Heterogeneous Annotator Coverage

By default Potato assigns the same number of annotators to every item. For most NLP projects, the right design is the textbook recipe:

One annotator handles most items, with two or three annotators overlapping on a 5 to 10 percent sample to monitor quality.

This page explains how to express that and several related patterns through the num_annotators_per_item and per_annotator_quota config blocks.

The canonical config key

num_annotators_per_item is the canonical key for setting per-item annotator caps. It accepts either:

  1. An integer — the same cap for every item:

yaml num_annotators_per_item: 1

  1. A structured mapping — a default, an overlap sample, and an optional adaptive boost:

yaml num_annotators_per_item: default: 1 overlap_sample: fraction: 0.1 count: 3 stratify_by: domain seed: 42 adaptive: enabled: true disagreement_threshold: 0.5 boost_to: 3 min: 1

max_annotations_per_item is now a deprecated alias for num_annotators_per_item: <int>. Setting both is an error if they disagree; otherwise the legacy key emits a DeprecationWarning.

Overlap sample

The overlap_sample block lets you raise the cap on a deterministic subset of items for quality monitoring. Sampling happens once at startup; the chosen items are stamped with required_annotations: <count> so the assignment logic transparently treats them as high-coverage.

Field Type Description
fraction float in (0, 1] proportion of items to sample
count int >= 2 annotator cap for sampled items (must exceed default)
stratify_by string (optional) item-data field used to stratify the sample
seed int (optional) RNG seed; defaults to the global random_seed

When stratify_by is set, the fraction is applied per stratum, so every category contributes proportionally to the overlap sample.

Adaptive boost

Adaptive boost expands the cap on an item whose early annotators disagreed. When register_annotator records an annotation:

  1. If adaptive.enabled is true, the item already has at least 2 annotations, and its current cap is less than boost_to,
  2. The disagreement score (ratio of distinct labels per schema across the item's annotators, max over schemas) is recomputed,
  3. If the score crosses disagreement_threshold, the item's cap is raised to boost_to, the item is removed from completed_instance_ids, and it re-enters the assignment queue.

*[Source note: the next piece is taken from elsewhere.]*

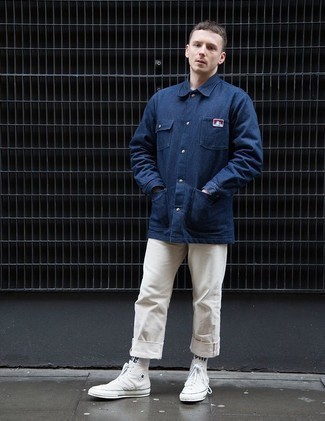 Men's Navy Shirt Jacket, White Chinos, White Canvas High Top Sneakers, White and Black Print Socks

The boost is one-shot per item.

Per-annotator quota

per_annotator_quota controls how many items each annotator gets assigned — orthogonal to per-item caps. It resolves a quota for each user in order:

per_annotator_quota:
  default: 100
  by_user:
    alice: 30
    bob: 30
  by_user_role:
    expert: 30
    novice: 200

user_roles:
  alice: expert
  bob: expert
  carol: novice
  dave: novice

Resolution: by_user[uid]by_user_role[user_roles[uid]]default → legacy max_annotations_per_user.

Adjudication auto-routing

When the adjudication block is enabled, overlap-sample items that reach their cap are automatically scored and pushed into the adjudication queue if agreement is below adjudication.agreement_threshold. This means low-quality items surface as soon as the sample saturates, not when an adjudicator manually rebuilds the queue.

adjudication:
  enabled: true
  adjudicator_users: [admin]
  min_annotations: 2
  agreement_threshold: 0.75

Inspecting IAA

Once overlap-sample items saturate, agreement statistics are available at /admin/iaa. The view computes the metric set appropriate to each schema's annotation_type:

Schema kind Metrics
nominal (radio, single-label multiselect, triage) percent agreement, Cohen's κ, Fleiss' κ, Krippendorff's α (nominal)
ordinal (likert, confidence, semantic_differential, range_slider, VAS) weighted κ (linear, quadratic), Spearman's ρ, Krippendorff's α (ordinal)
continuous (slider, number, multirate, constant_sum, soft_label) Pearson r, MAE, RMSE, Krippendorff's α (interval), ICC(2,k)
multi-label (multiselect, hierarchical_multiselect, card_sort) mean Jaccard, MASI-α
ranking (ranking, bws, pairwise) Kendall's τ, Spearman footrule
span (span, error_span, event_annotation, coreference, extractive_qa) token-level κ (BIO), span F1 (exact + partial), Krippendorff's αU, γ (Mathet)

Set ?format=html for the rendered table:

GET /admin/iaa?format=html
X-API-Key: <your admin api key>

The HTML view colors metrics by interpretive convention (≥0.6 green, <0.2 red for κ-family scores) and lists per-item annotator counts beneath the schema tables.

Example

A runnable demonstration lives at examples/advanced/heterogeneous-coverage/. From the repo root:

python potato/flask_server.py start examples/advanced/heterogeneous-coverage/config.yaml -p 8000

The example uses 20 items split across two domains (product, movie), samples 20% for 3-annotator overlap stratified by domain, enables adaptive boost at threshold 0.5, defines two expertise tiers, and pipes low-agreement overlap items into adjudication.